Il y a peu, un rebondissement inattendu a créée, chez la trentenaire, un véritable déclic. L’année dernière, le père d’Alexandra reçoit un coup de fil, d’un de ses amis d’enfance. Ce dernier lui rapporte ce qu’un autre de ses camarades lui aurait confié. A savoir qu’il y a des années, en effectuant un déménagement chez deux frères de Villejuif, il aurait aperçu, dans leur garage, u ne mobylette rouge… « Il n’y en avait pas beaucoup, des mobylettes rouges, dans les années 1960. Donc forcément, ça pose question. Je me suis dit qu’il y avait quelque chose à faire, à creuser. Même si malheureusement, ces deux frères en question sont aujourd’hui décédés », soutient Alexandra.
Affaire Françoise Pernin : enlevée le vendredi, séquestrée le samedi, étranglée le dimanche ?
Aujourd’hui, Alexandra veut que le dossier sorte de l’oubli. La tâche n’est pas des plus aisées. « C ’est difficile : mon grand-père est décédé, mon père était jeune, et il y a surtout très peu d’informations dans les médias sur cette affaire. Je dois remonter le fil par mes propres moyens », murmure t-elle.
Cependant, au regard des informations qu’elle a pu glaner ces dernières années, Alexandra est convaincue de deux choses : le meurtre de sa tante est un crime collectif, et l’adolescente connaissait au moins l’un de ses agresseurs.
« Ma tante était fragilisée mentalement, assez sauvage : elle ne serait jamais montée avec quelqu’un qu’elle ne connaissait pas, explique-t-elle. Elle a été massacrée. Je suis convaincue qu’ils étaient plusieurs, et on pense aussi qu’elle n’a pas été tuée tout de suite, mais plutôt séquestrée dans un cabanon, dans un endroit assez reculé, où un voisin avait raconté qu’il avait entendu des cris tout le week-end. Elle aurait donc été enlevée le vendredi soir, elle aurait vécu les pires sévices sexuels, séquestrée là-dedans, puis elle aurait été tuée le dimanche soir, avant d’être retrouvée lundi matin. »
Pour Alexandra, il est évident que certaines personnes, à l’époque, savaient, mais se sont tues. « Villejuif à l’époque, c’était un peu la ville du grand banditisme, et il y avait aussi dans le quartier beaucoup de logements de fonctionnaires, notamment des policiers. On peut se demander si les criminels n’ont pas pu bénéficier de certaines aides, certaines complicités… Mais c’est la loi du silence, et personne n’a jamais rien dit ».
Affaire Françoise Pernin : l’enquête peut-elle être réouverte ?
Elle souhaite désormais récupérer auprès du tribunal les documents judiciaires de l’époque. Dans l’espoir d’y trouver quelques informations précieuses pour la suite de son enquête « maison ».

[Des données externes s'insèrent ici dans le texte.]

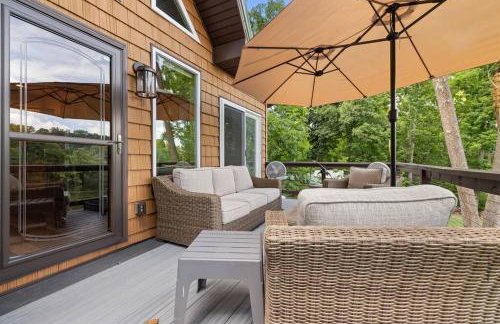 Riverside Oasis with Stunning Views, Cozy Firepit! - Photo 46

« C’est très dur, mais j’ai envie de le faire parce que, déjà, ces sujets me passionnent, comme beaucoup, mais tout simplement, aussi, parce que c’est ma famille, déclare Alexandra. Ma grand-mère ne s’en est jamais remise, mon grand-père, lui, en parlait peu mais il souffrait beaucoup, et mon père, ça l’a terriblement meurtri : même encore aujourd’hui, le sujet est très sensible pour lui. Peut-être qu’on peut, au moins, avoir des éléments de réponse aujourd'hui. » 55 ans plus tard, le pari semble presque impossible.
Mais même si le crime de Françoise est prescrit, il reste une chance. Dans le droit français, lorsqu’un nouvel élément troublant refait surface, parfois même des dizaines d’années après un crime, il est possible que la justice ordonne la réouverture d’une enquête pour des faits pourtant prescrits.
Ce fut le cas pur plusieurs des victimes de Michel Fourniret, lorsque le tueur a été arrêté en 2002. Ou encore, plus récemment, pour l’affaire Françoise Hohmann, la première victime présumée de Jean-Marc Reiser, disparue en 1987.